The Name of “Parliament."-Professor Stubbs remarks that "the name given to the sessions of council (under the early Norman kings) was often expressed by the Latin colloquium; and it is by no means unlikely that the name of Parliament, which is used as early as 1175 by Jordan Fantosme ('sun plenier parlement'), may have been in common use. But of this we have no distinct instance in the Latin Chroniclers for some years further, although when the term comes into use it is applied retrospectively; and in a record of the twenty-eighth year of Henry III., the assembly in which the Great Charter was granted is mentioned as the 'Parliamentum Runimedæ.' . . It is first used in England by a contemporary writer in 1246, namely, by Matthew Paris. It is a word of Italian origin, and may have been introduced either through the Normans, or through intercourse with the French kingdom."
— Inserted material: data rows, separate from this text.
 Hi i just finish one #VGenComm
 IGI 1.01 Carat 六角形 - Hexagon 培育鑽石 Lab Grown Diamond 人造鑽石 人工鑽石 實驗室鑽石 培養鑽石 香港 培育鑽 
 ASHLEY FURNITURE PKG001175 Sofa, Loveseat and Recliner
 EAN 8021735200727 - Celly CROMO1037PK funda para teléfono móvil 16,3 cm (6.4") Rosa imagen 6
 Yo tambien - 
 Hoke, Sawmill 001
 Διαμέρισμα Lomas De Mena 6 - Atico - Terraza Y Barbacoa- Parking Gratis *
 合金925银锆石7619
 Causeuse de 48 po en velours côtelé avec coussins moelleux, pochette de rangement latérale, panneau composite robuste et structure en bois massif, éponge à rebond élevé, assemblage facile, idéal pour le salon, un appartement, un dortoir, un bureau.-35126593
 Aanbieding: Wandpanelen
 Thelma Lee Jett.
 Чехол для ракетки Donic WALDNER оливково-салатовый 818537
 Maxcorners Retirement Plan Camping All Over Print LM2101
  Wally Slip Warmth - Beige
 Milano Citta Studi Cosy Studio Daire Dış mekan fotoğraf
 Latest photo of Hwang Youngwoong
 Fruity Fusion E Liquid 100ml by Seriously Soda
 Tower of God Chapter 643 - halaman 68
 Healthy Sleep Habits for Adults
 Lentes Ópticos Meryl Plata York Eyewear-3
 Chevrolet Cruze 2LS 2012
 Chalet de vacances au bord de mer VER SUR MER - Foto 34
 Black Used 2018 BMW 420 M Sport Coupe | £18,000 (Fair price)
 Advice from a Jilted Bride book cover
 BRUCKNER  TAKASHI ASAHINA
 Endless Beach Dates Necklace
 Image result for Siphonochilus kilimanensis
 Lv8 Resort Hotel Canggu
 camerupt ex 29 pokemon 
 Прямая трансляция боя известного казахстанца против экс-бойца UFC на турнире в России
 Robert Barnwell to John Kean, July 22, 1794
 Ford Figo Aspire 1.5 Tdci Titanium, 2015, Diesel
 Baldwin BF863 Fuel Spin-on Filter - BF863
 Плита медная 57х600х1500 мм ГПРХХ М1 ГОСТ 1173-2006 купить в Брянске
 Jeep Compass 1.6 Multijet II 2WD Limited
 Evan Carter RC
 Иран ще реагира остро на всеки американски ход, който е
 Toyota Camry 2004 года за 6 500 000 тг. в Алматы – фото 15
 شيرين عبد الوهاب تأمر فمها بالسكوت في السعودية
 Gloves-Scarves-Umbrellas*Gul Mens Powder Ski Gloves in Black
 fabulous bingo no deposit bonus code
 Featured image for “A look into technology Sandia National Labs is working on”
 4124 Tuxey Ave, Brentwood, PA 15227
The Earliest Recorded Parliaments.—In a return presented to the House of Commons by order in 1879, giving the names of members of the Lower House and their constituencies "from so remote a period as it can be obtained," the earliest Parliaments mentioned are the following: 1. 15th John (1213), summoned to meet at Oxford. Writs addressed to all the sheriffs, requiring them each to send all the knights of their bailiwicks in arms; and also four knights from their counties "ad loquendum nobiscum de negotiis regni nostri." 2. 10th Henry III. (1226), summoned to meet at Lincoln. Writs addressed to the sheriffs of eight counties, requiring them each to send four knights, elected by the "milites et probi homines" of their bailiwicks, to set forth certain disputes with the sheriffs. 3. 38th Henry III. (1254), summoned to meet at Westminster. Every sheriff required to send two knights to be elected by each county, to prɔvide aid towards carrying on the war in Gascony. 4. 45th Henry III. (1261), summoned to meet at Windsor. The Bishop of Worcester, the Earls of Leicester and Gloucester, and other magnates, having ordered three knights from each county to attend an assembly at St. Alban's, the King enjoins the sheriffs to send the above-mentioned knights also to him at Windsor. 5. 49th Henry III. (1264-5), summoned to meet at London. This appears (says the return) to have been the first complete Parliament consisting of elected knights, citizens, and burgesses. In each of these cases no returns of names could be found.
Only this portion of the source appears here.